Activity → Down to the last line, print the data that follows exactly, without its pictures.

Recorded information →
━━━━━━━━━━
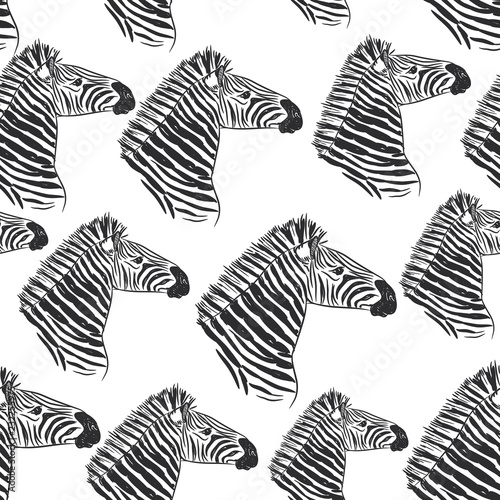 Seamless pattern Zebra portrait  Head sketch isolated on white background. Vector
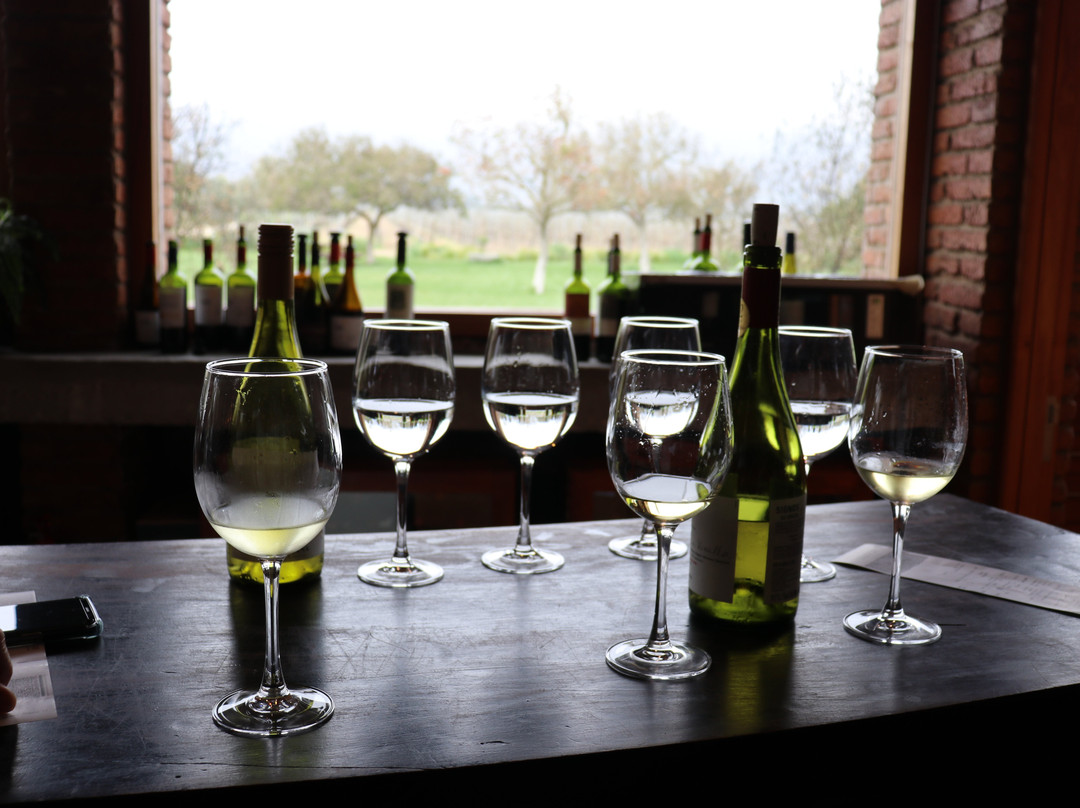 MM Tours and Travels-圣地亚哥必去景点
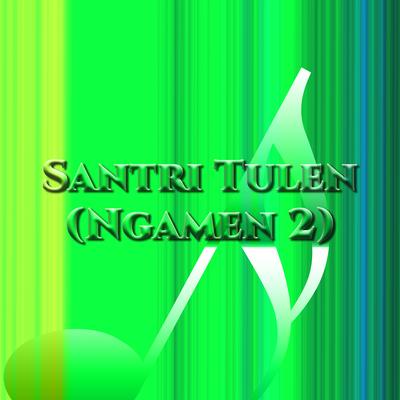 Santri Tulen (Ngamen 2)'s cover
━━━━━━━━━━
Written answer →
 Seamless pattern Zebra portrait  Head sketch isolated on white background. Vector
 MM Tours and Travels-圣地亚哥必去景点
 Santri Tulen (Ngamen 2)'s cover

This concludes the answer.